Reeves & Co. v. Russell

Citation148 N.W. 654,28 N.D. 265
Decision Date08 May 1914
Docket Number1905
CourtNorth Dakota Supreme Court

On petition for rehearing, September 9, 1914.

Appeal from a judgment of the District Court of Stutsman County Coffey, J.

Affirmed.

Lawrence & Murphy, for appellants.

The statute as applied by the trial court is a retroactive law impairing the obligations of a contract. Walker, Am. Law, pp 217-222; Yeatman v. King, 2 N.D. 421, 33 Am. St Rep. 797, 51 N.W. 728.

Acts creating liens cannot be construed retroactively, because they would defeat vested rights. 8 Cyc. 900; National Bank v. Jones, 18 Okla. 560, 12 L.R.A.(N.S.) 310, 91 P. 191, 11 Ann. Cas. 1041; Toledo, D. & B. R. Co. v. Hamilton, 134 U.S. 296, 33 L.Ed. 905, 10 S.Ct. 546; Crowther v. Fidelity Ins. Trust & S.D. Co. 29 C. C. A. 1, 42 U.S. App. 701, 85 F. 43; Yeatman v. King, 2 N.D. 428, 33 Am. St. Rep. 797, 51 N.W. 721; Kilpatrick v. Kansas City & B. R. Co. 41 Am. St. Rep. 758, note; Giles v. Stanton, 86 Tex. 620, 26 S.W. 615; 1 Jones, Liens, § 701.

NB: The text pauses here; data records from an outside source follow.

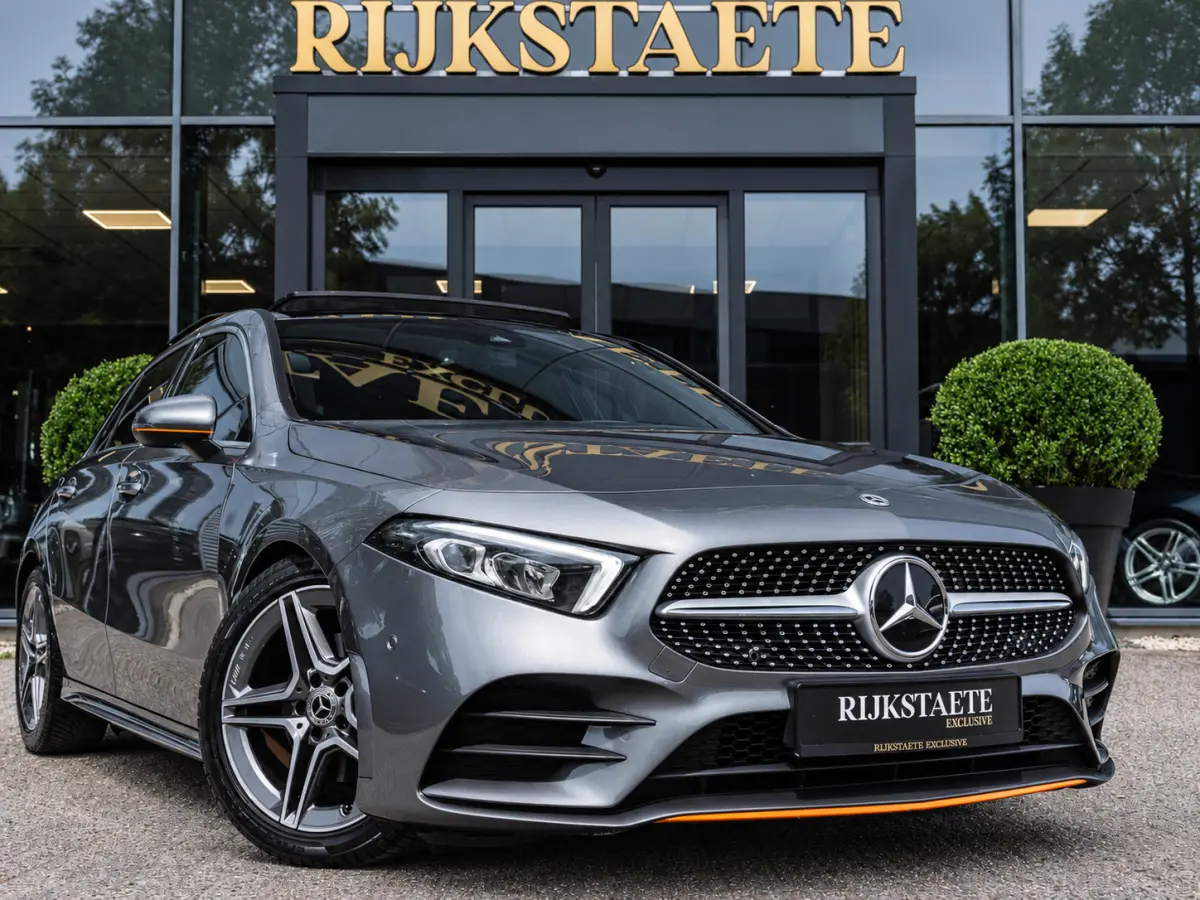 A200 AMG|PANO|BURMESTER|CAMERA|18'|CARPLAY
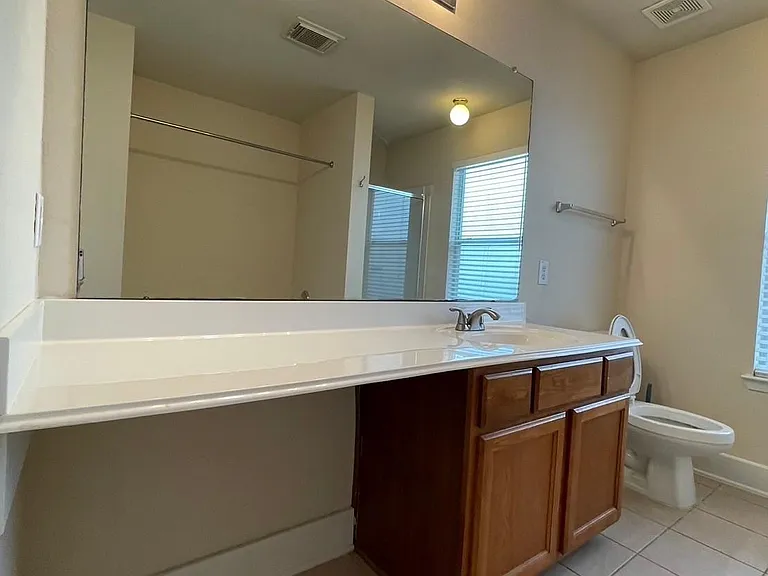 11928 Prior Park Dr — Photo 16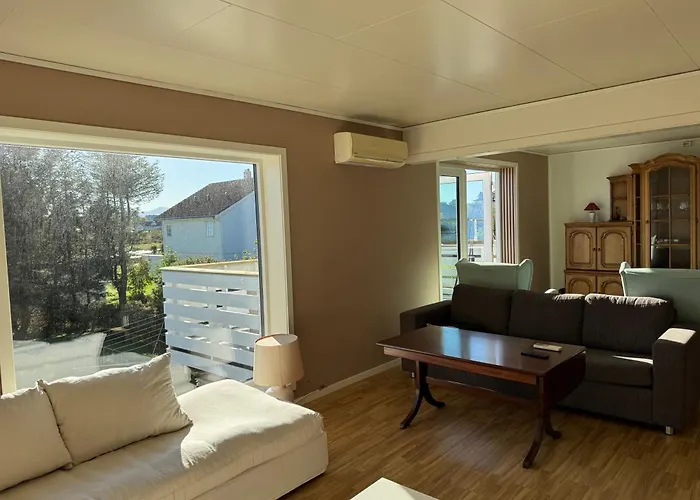 Et Hus Dypt I Havet Дом отдыха *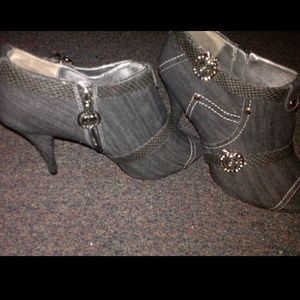 Apple Bottom booties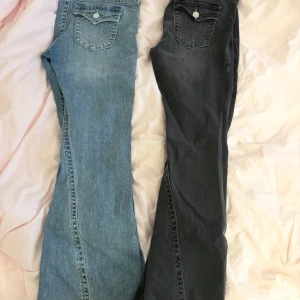 true religion jeans - två true religion jeans i blå och svart säljer helst tillsammans om man bara vill köpa en kan man mötas hos mig och hämta. inte använda så mycket typ 3 gånger var. priset jag skrivit är för båda tillsammans om man vill köpa separat blir de 750 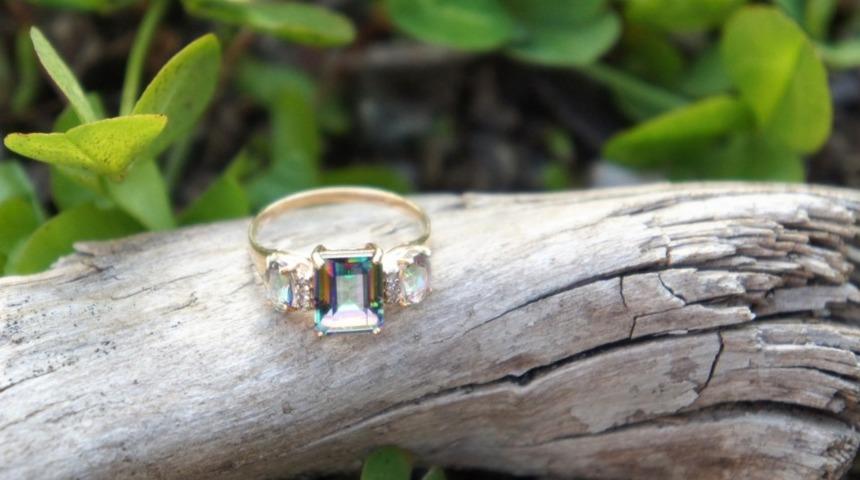 Zultanit (sultan) taşı nedir? Değeri, &ouml;zellikleri ve faydaları nelerdir?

"Nor shall any citizen or class of citizens be granted privileges or immunities which, upon the same terms, shall not be granted to all citizens." State Const. § 20; Yeatman v. King, 2 N.D. 421, 33 Am. St. Rep. 797, 51 N.W. 728; Vermont Loan & T. Co. v. Whithed, 2 N.D. 82; Edmonds v. Herbrandson, 2 N.D. 270, 14 L.R.A. 725, 50 N.W. 970; Plummer v. Borsheim, 8 N.D. 565, 80 N.W. 690; State v. Julow, 129 Mo. 163, 29 L.R.A. 257, 50 Am. St. Rep. 443, 31 S.W. 781; State v. Walsh, 136 Mo. 400, 35 L.R.A. 231, 37 S.W. 1112; State v. Minor, 33 W.Va. 179, 6 L.R.A. 621, 25 Am. St. Rep. 863, 10 S.E. 285; People v. Marx, 99 N.Y. 380, 52 Am. Rep. 34, 2 N.E. 29; Cooley, Const. Lim. 6th ed. § 681; Sutherland, Stat. Constr. §§ 121, 137; Luman v. Hitchens Bros. Co. 90 Md. 14, 46 L.R.A. 393, 44 A. 1051; Moher v. Rasmusson, 12 N.D. 71, 95 N.W. 152; Jones, Liens, §§ 105, 106; First Nat. Bank v. Scott, 7 N.D. 312, 75 N.W. 254; Wright v. Sherman, 3 S.D. 290, 17 L.R.A. 792, 52 N.W. 1093; Miller v. Anderson, 1 S.D. 539, 11 L.R.A. 317, 47 N.W. 959; Owen v. Burlington, C. R. & N. R. Co. 11 S.D. 153, 74 Am. St. Rep. 786, 76 N.W. 302.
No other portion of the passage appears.